Abstract

The Green River formation in the Utah Basin of eastern Utah is a series of low-permeability sands containing a viscous crude oil. Primary stimulation techniques involve the pumping of hydraulic fracture treatments. Usually several treatments are pumped per wellbore because, the sands are spread out over a large vertical interval. Typical treatments use a crosslinked Borate fluid with high proppant concentrations and moderate volumes of sand as proppant.

The operator's changes in fracture treatment design were evaluated through comparisons to offsetting well production responses. The results indicate a 65% improvement in early, six-month, oil recovery and improved effective stimulations versus prior development projects. These results are primarily due to increasing the fracture conductivity through more effective proppant placement. Descriptions of the fracture treatment designs and predicted fracture geometry using fracture computer models will be presented. The economic impact of the increased production response has added $60,000 of additional revenue to early response while fracture treatment costs have actually declined.

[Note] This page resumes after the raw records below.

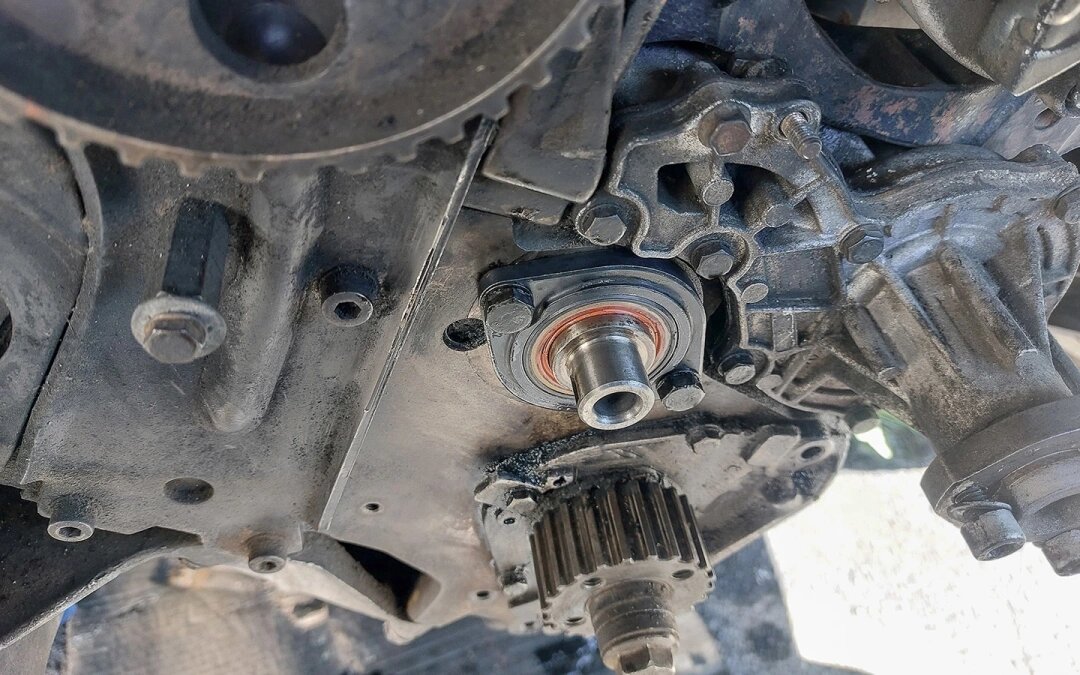 Фото: Anze Furlan / Shutterstock / FOTODOM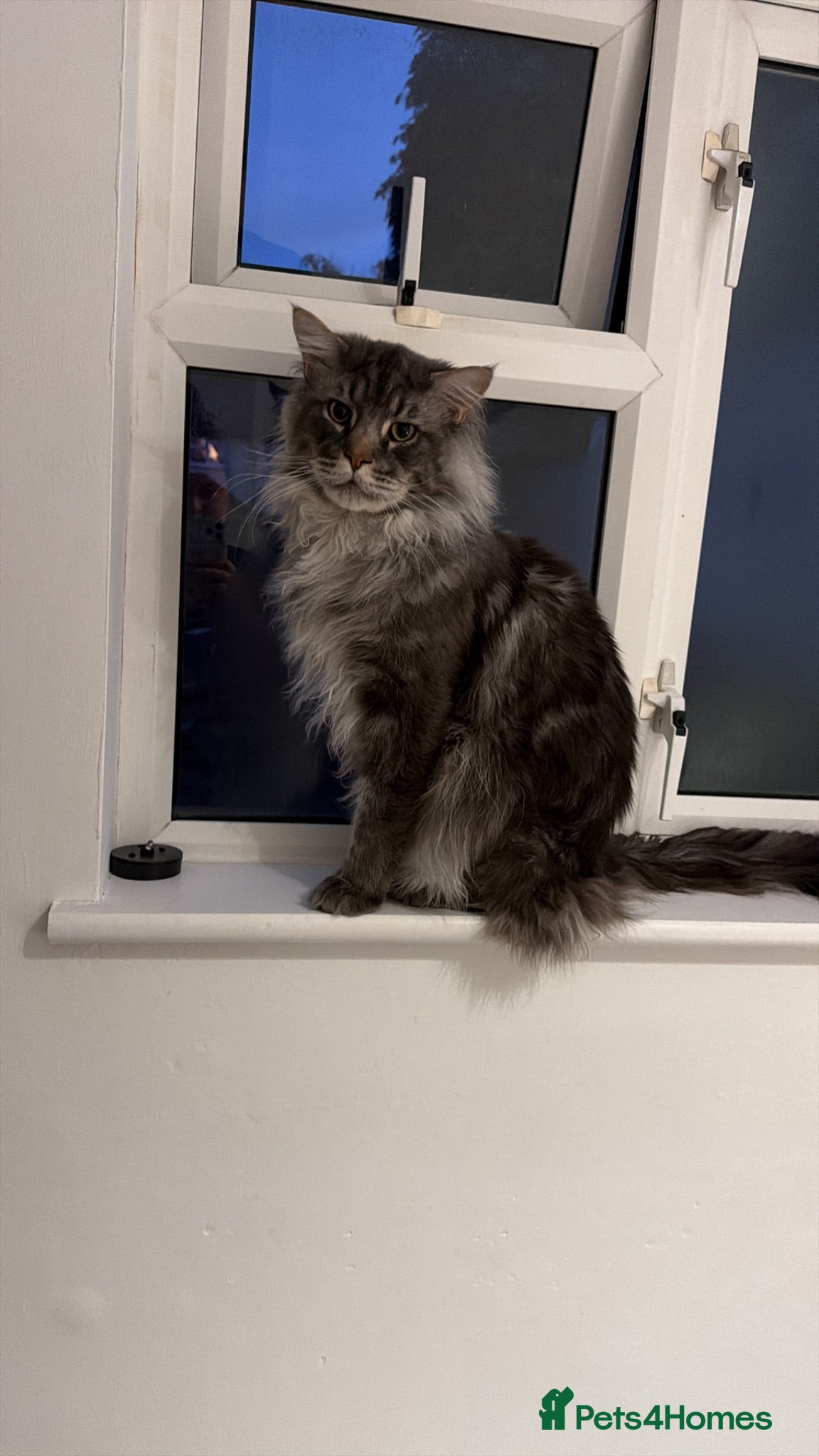 Maine Coon cats Beautiful Silver MaineCoon-Valentine’s Day Boy - Advert 14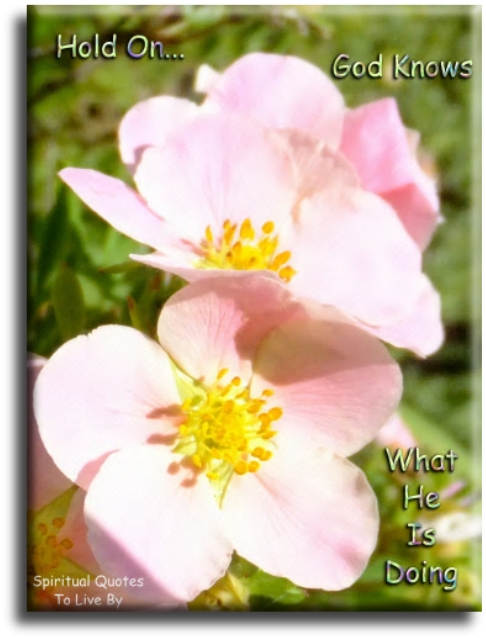 Hold on... God knows what he is doing - Spiritual Quotes To Live By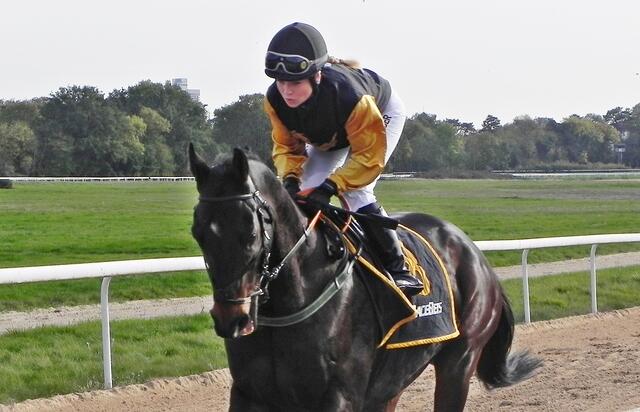Aufgalopp für Porcupine Creek &amp; Marie Ruckhaber  | Foto: Horst Nauen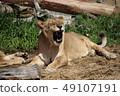 Yawn of a Lion 49107191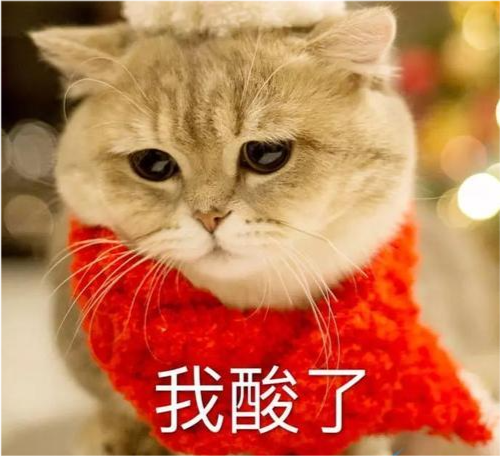 可爱表情包我酸了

The paper will also detail the reservoir description work that has been performed to quantify the production response from individual sands in the Green River formation. This work will further improve economics by allowing true fracture optimization for individual treatments. The reservoir description technique uses standard openhole log suites and results in a prediction of in-situ formation permeability for individual sands. The technique has proven very accurate in predicting well production response and these results will be presented. The authors believe that the methodology used can be applied to similar reservoirs to achieve similar results.